Wednesday, March 10, 2010

Meeting At the Extremes

David Brooks in the NYT last week had an excellent piece about the Tea Partiers and the 60s New Left Movement which he called The Wal-Mart Hippies. Here are some of the points that hit me.

In the 60s there was the New Left. Today,

the people we loosely call the Tea Partiers also want to destroy the establishment. They also want to take on The Man, return power to the people, upend the elites and lead a revolution.

There are many differences between the New Left and the Tea Partiers. One was on the left, the other is on the right. One was bohemian, the other is bourgeois. One was motivated by war, and the other is motivated by runaway federal spending. One went to Woodstock, the other is more likely to go to Wal-Mart.

But the similarities are more striking than the differences. To start with, the Tea Partiers have adopted the tactics of the New Left. They go in for street theater, mass rallies, marches and extreme statements that are designed to shock polite society out of its stupor. ...

But the core commonality is this: ... Both movements are built on the assumption that the people are pure and virtuous and that evil is introduced into society by corrupt elites and rotten authority structures.

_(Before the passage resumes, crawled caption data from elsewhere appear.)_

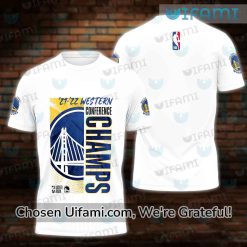 Vintage Warriors Shirt 3D Cheerful West Champs Golden State Warriors Gift Ideas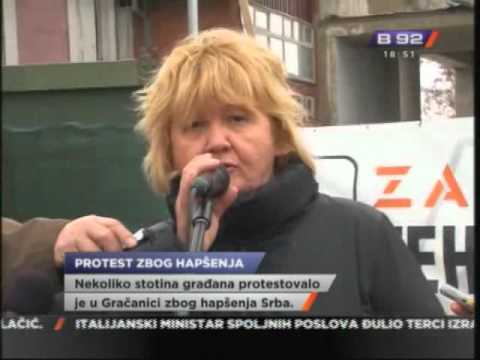 Protest zbog hapšenja Srba u Gnjilanu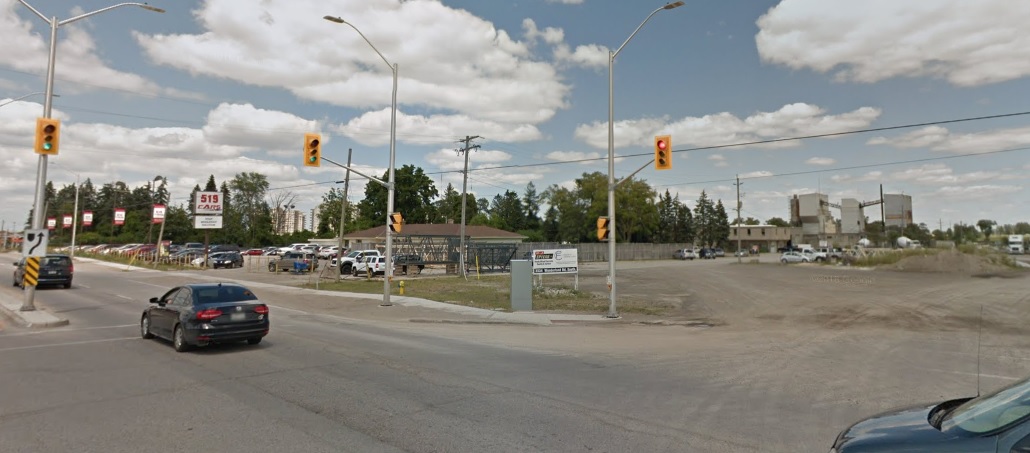 A Google Maps image shows the current location of N-J Spivek Ltd. and 519 Cars on Wonderland Road, just north of Wharncliffe.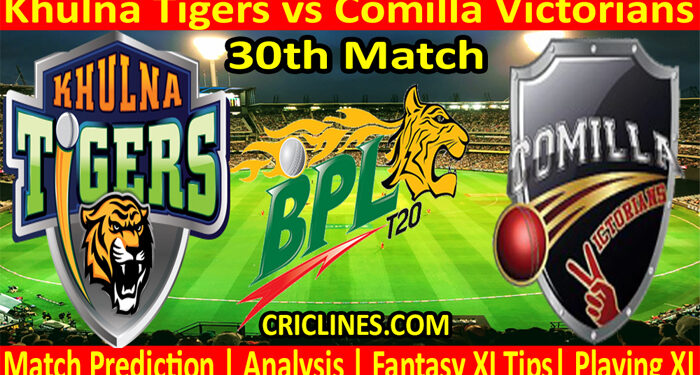 KTS vs CVS-Today Match Prediction-Dream11-BPL T20-30th Match-Who Will Win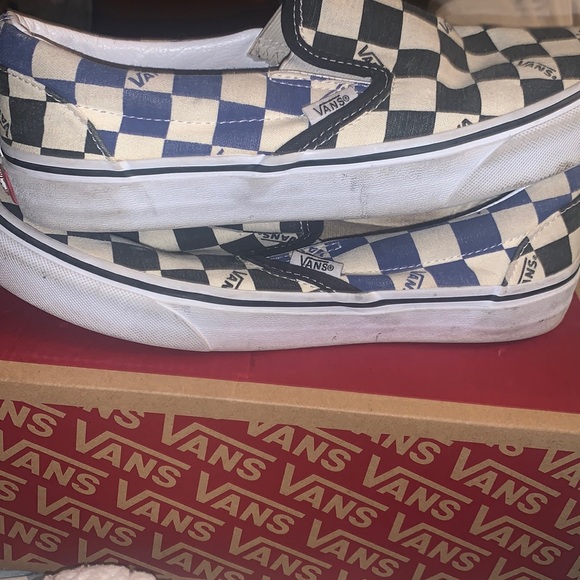Vans Shoes - Black, Blue, and Cream Vans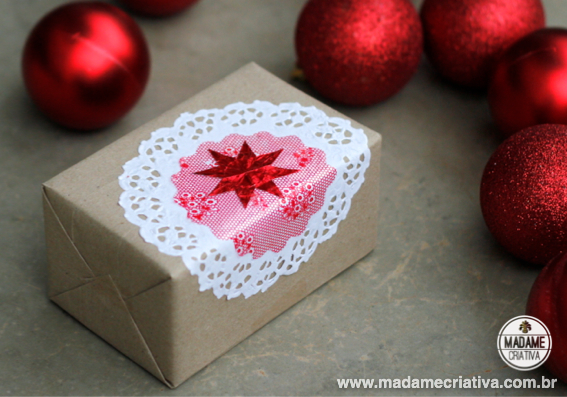 Christmas wrap idea - Pacotes de presentes para o Natal fácil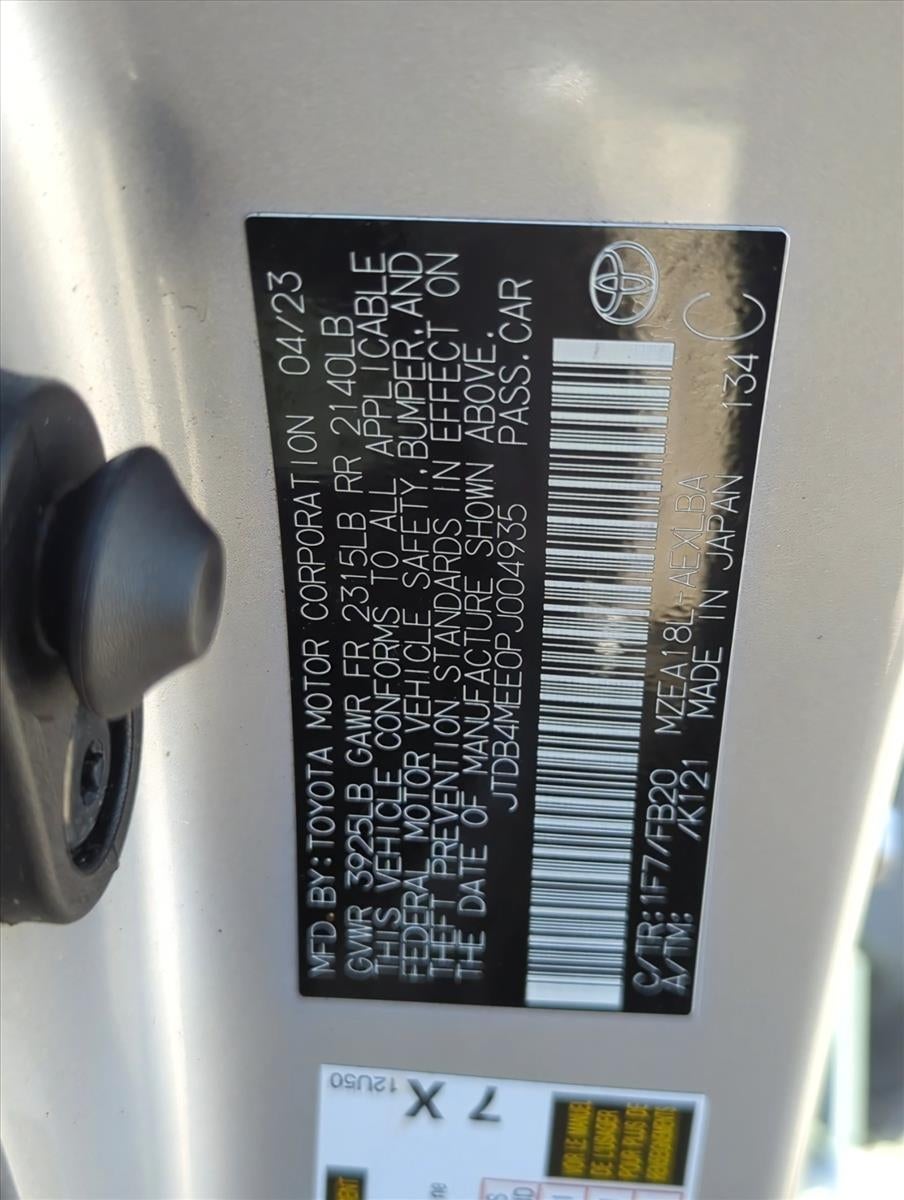 2023 Toyota Corolla LE CVT (Natl)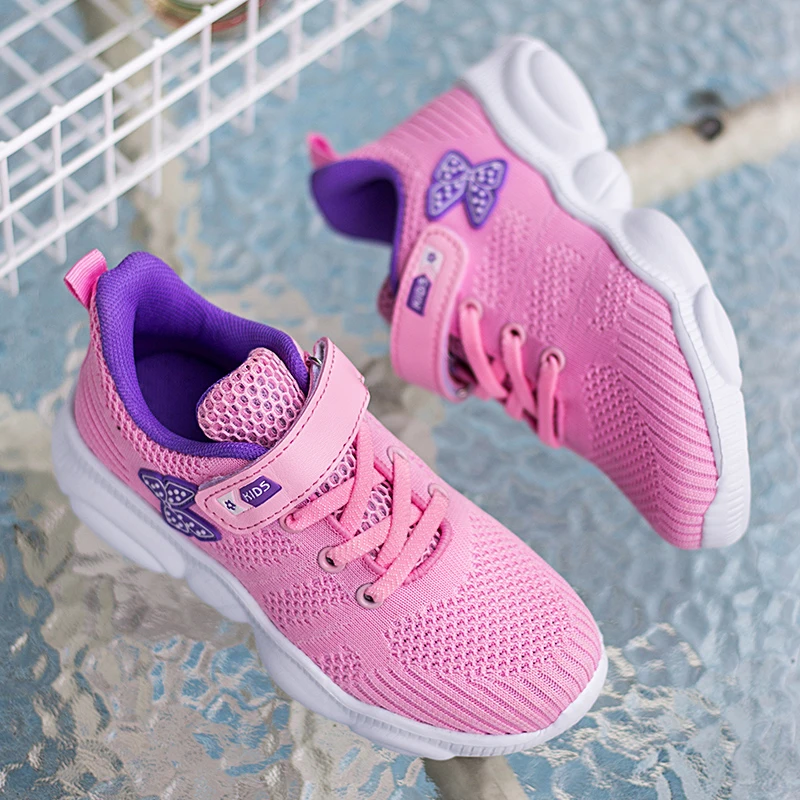 Neue Mode Klassische Mädchen Laufschuhe Schuhe Rosa Kinder Turnschuhe für Korb Atmungsaktive Mesh Tennis Schuhe Kinder Schule Sport Schuhe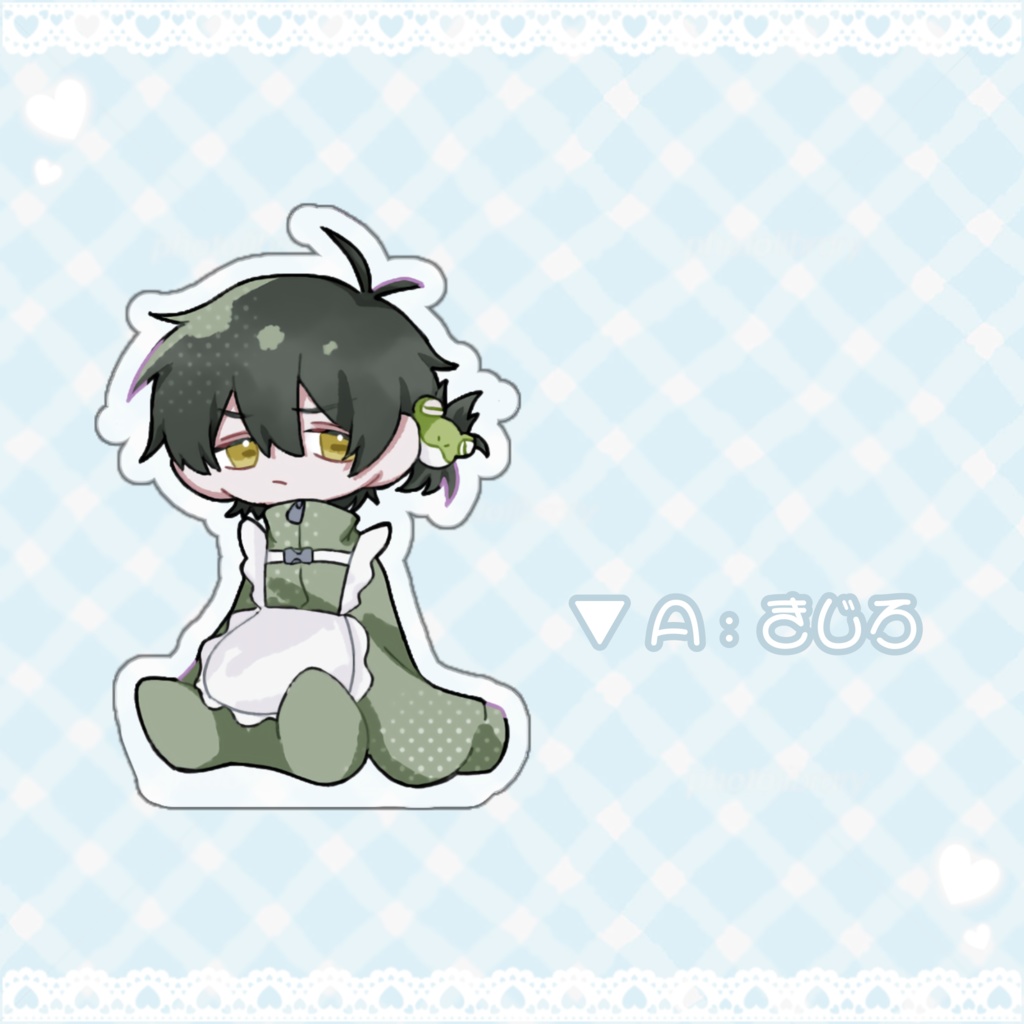 へびかえるミニアクリルブロック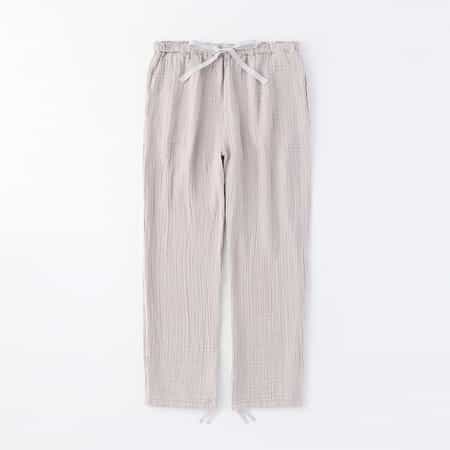 【価格を見直しました】クレープガーゼメンズパジャマパンツ 上下別売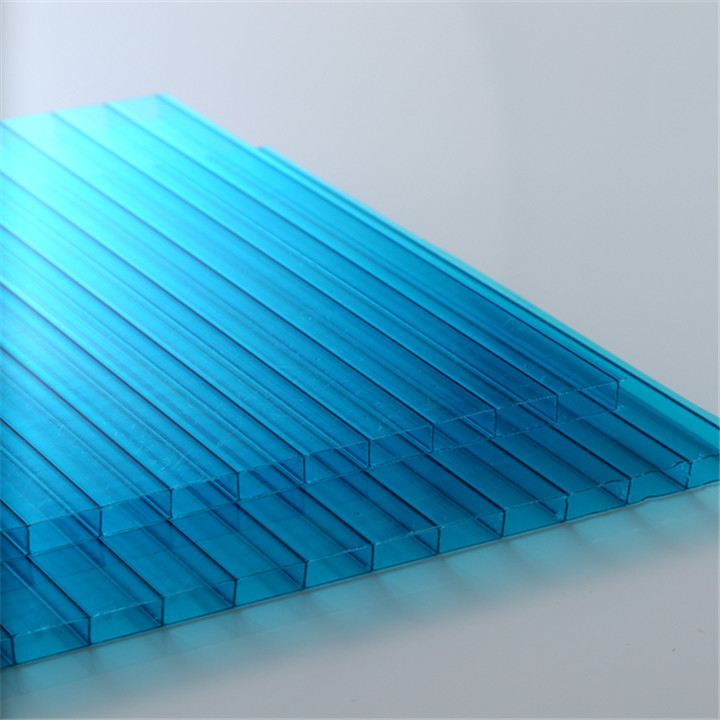 UV coating grade A 4mm/5mm/6mm/8mm/10mm twin wall polycarbonate hollow pc sheet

Because of this assumption, members of both movements
  • go in big for conspiracy theories;
  • they spend a lot of time worrying about being co-opted.
  • they both have a problem with authority.
  • Both have a mostly negative agenda: destroy the corrupt structures; defeat the establishment.
  • They don’t seek to form a counter-establishment because they don’t believe in establishments or in authority structures.
  • They believe in the spontaneous uprising of participatory democracy.
After putting this all together he makes the point that the Tea Partiers are, in essence, not truly "conservative" for conservatives don't trust the people to do what is right. They believe in original sin. People are, by nature, prone to sin. So in that way the people-based idealism of the New Right is as idealistic and unrealistic as the New Left of the past generation.

As I read all this I found myself, as one of the old New Leftists, nodding in agreement. In explained to me why the whole Tea Party movement is so familiar looking. The biggest difference may be that this time around there is a media support that is pushing the process. Somehow or another that trust in the Glenn Becks of the media establishment may be its ultimate downfall.

Success will breed a slowing, conservative brake. The extreme will become more extreme- and potentially more dangerous. (See history for The Weathermen or others.) The co-opting will occur. And it will come from the people who agree with them, not the opponents.

Such is the world of politics. Perhaps even the world of people.